As these places are not so much restaurants as meat markets, few of them will give you a plate, knife, fork, etc. You get your meat on a piece of butcher block paper. You'll probably get a couple of slices of white bread. You are expected to eat this with your fingers, just as you would if you were a field hand back around the turn of the last century and at lunchtime you had gone into a local meat market, picked up some smoked meat, and then had gone back outside to eat your smoked meat and sausage, perhaps with some free saltines you got from a basket by the cash register, under a tree somewhere before you head back out to work the fields until sunset. The only sauce you have for your meat is a sprinkle of fiery hot sauce, likely Valentina, shaken from the bottle that you carry in your pocket.
Speaking of the history of these old German smoked-meat markets, it's on full view at Smitty's in Lockhart so, if you go, be absolutely certain to tour the whole building. It is the historic and holy temple of Texas smoked-meat markets. You would be well-advised to read up a bit about its history before you go there. But know that when you are walking though that old building, with its smoke-stained walls, you are walking on hallowed ground, friend.
Yes, some of these places offer nominal sides. Few of them are worth having. We love our soupy, cowboy-style pinto beans served in a bowl and eaten with a spoon down here, but if you're accustomed to thick, sweet baked beans that you eat with a fork, you undoubtedly will not. Potato salad is usually bought pre-made from someplace like Sysco. Same for coleslaw. Skip them. Think of yourself as doing what you are doing - sampling a bit of smoked meat from several meat markets. Not going into a barbecue restaurant and sitting down and having a meal. (Black's does have a small buffet-type display as you head toward the smoked meat butchers. The only thing this is really good for, and worth mentioning, is that if you are traveling with small children that don't want to just eat meat, Black's does have some stuff that kids like - mac&cheese, etc. When I'm doing the "BBQ tour" with my kids and grandkids, this is where the kids fill up. Or did, anyway. Now they're old enough that they're not interested in this stuff, and all they want is the 'cue, just like the grownups.)
Most of these places start smoking the meat the night before. They open in the morning and serve until the meat is all gone. Don't plan to get to any of the legendary, iconic Central Texas meat markets much after about 1pm or so, or they might well be completely out of what you want.
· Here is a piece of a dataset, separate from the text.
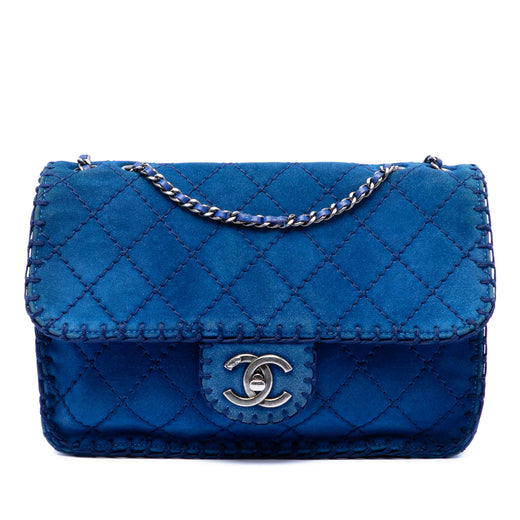 Medium CC Quilted Suede Whipstitch Single Flap - Image 1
You mentioned the Salt Lick. That is the exception. It definitely is a restaurant. You go in, order your meats and sides and sit there all evening, until your peach cobbler arrives and you polish that off and waddle out the door.
The Salt Lick has a great ranch ambiance and it can be fun for a group. But if you start asking serious barbecue aficionados about it, they all will tell you that the meat itself is definitely no longer top tier. Or even second tier. And if you want to sample some of the best smoked meats that Texas has to offer, skip it.